__WHAT TO WORK ON__
Give back the full listing as written. No pictures go with it.

__SUPPLIED RECORDS__
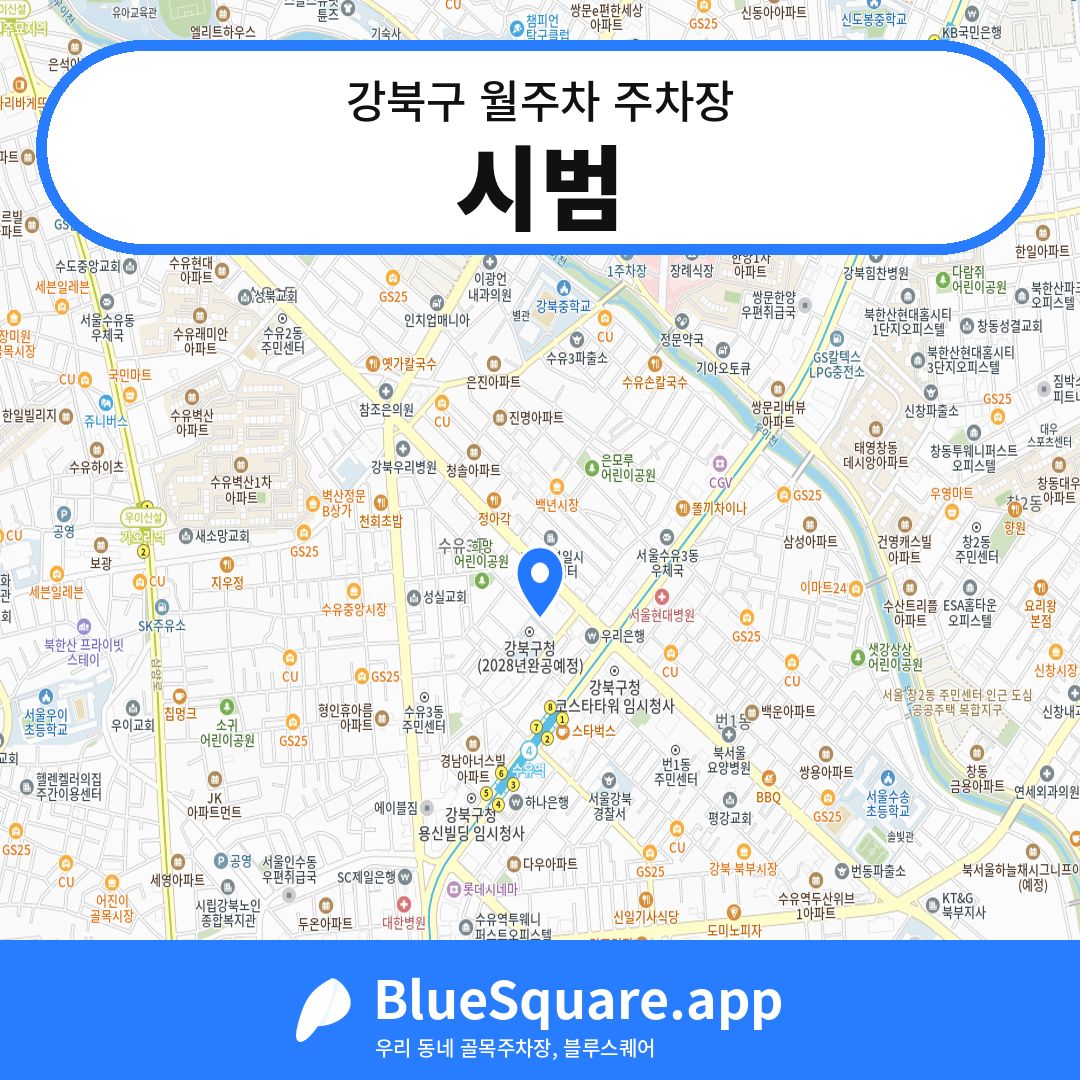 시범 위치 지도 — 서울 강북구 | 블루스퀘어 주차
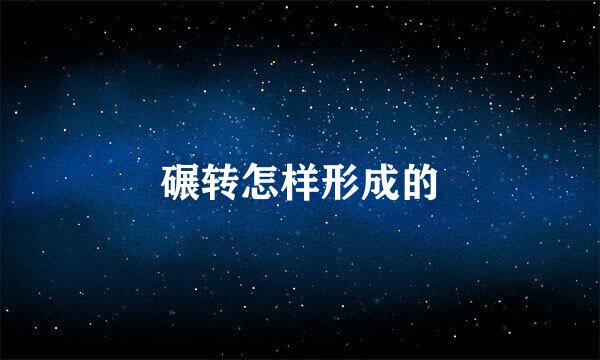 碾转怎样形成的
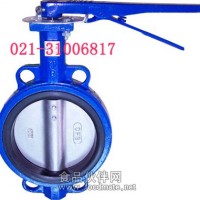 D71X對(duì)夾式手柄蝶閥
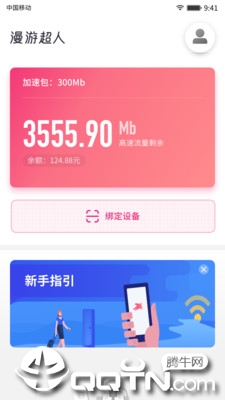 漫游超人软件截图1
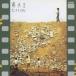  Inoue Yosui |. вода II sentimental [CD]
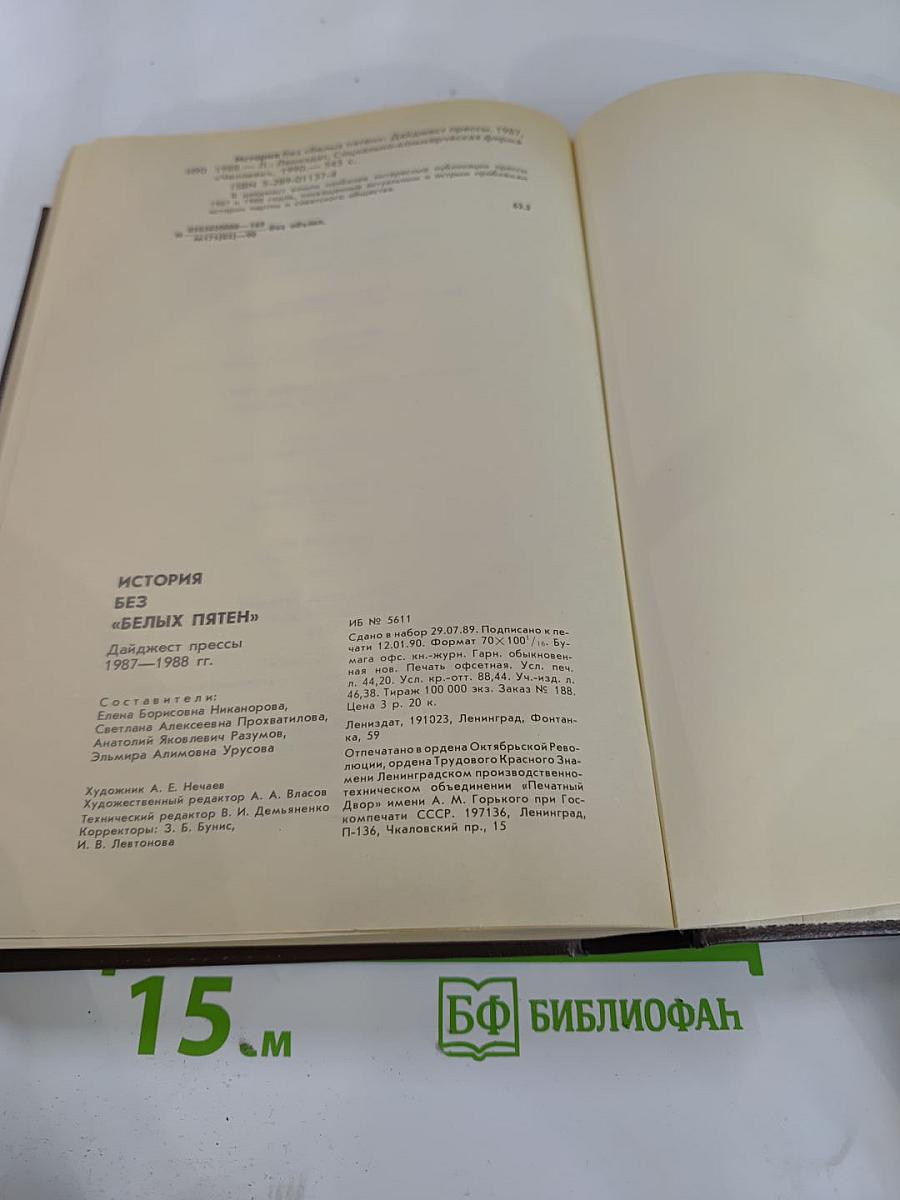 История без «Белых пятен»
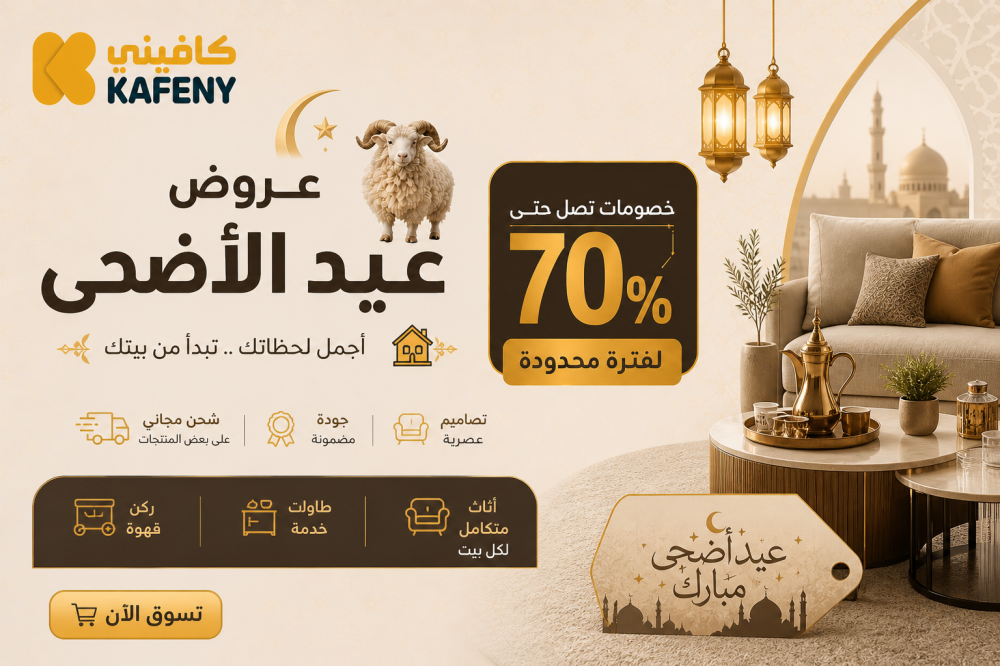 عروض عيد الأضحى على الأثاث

__THE COMPLETED TASK__
 시범 위치 지도 — 서울 강북구 | 블루스퀘어 주차
 碾转怎样形成的
 D71X對(duì)夾式手柄蝶閥
 漫游超人软件截图1
  Inoue Yosui |. вода II sentimental [CD]
 История без «Белых пятен»
 عروض عيد الأضحى على الأثاث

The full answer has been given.